* **WORK TO BE COMPLETED**
Report how many lines in the listing below include the string "Solid", and write nothing more.
───
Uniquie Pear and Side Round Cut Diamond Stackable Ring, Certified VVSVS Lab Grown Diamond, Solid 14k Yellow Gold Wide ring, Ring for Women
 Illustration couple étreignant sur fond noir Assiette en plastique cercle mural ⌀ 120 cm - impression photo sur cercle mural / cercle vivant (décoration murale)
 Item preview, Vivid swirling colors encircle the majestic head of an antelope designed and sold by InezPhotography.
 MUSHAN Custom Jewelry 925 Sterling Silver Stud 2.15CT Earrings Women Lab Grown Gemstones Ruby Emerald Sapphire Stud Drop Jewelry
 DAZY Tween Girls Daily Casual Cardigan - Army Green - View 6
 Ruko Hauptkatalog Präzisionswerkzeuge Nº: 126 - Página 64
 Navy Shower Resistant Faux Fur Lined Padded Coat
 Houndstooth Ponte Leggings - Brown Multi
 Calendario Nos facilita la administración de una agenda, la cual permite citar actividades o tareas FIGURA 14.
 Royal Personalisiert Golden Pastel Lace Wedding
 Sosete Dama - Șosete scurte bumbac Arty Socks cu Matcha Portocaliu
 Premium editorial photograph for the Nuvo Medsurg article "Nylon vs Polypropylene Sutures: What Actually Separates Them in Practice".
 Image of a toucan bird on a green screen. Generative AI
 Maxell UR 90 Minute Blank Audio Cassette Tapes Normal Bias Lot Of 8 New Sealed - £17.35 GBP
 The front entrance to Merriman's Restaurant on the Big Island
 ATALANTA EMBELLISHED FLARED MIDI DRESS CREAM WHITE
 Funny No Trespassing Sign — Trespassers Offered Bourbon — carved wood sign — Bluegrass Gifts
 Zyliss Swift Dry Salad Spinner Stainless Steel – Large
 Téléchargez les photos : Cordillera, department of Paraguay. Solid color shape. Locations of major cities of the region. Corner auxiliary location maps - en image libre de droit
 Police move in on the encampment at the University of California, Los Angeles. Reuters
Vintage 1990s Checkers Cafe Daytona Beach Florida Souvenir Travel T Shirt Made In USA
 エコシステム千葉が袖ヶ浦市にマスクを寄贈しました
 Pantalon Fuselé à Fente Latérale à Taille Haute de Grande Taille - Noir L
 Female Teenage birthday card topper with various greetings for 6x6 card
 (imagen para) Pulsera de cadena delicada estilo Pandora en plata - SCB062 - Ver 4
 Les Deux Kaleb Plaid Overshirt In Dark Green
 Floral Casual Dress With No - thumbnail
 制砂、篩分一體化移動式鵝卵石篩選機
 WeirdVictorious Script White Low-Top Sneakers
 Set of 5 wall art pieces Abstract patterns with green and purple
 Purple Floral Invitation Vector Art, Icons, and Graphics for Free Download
───
* **RESULT FOR THIS EXERCISE**
2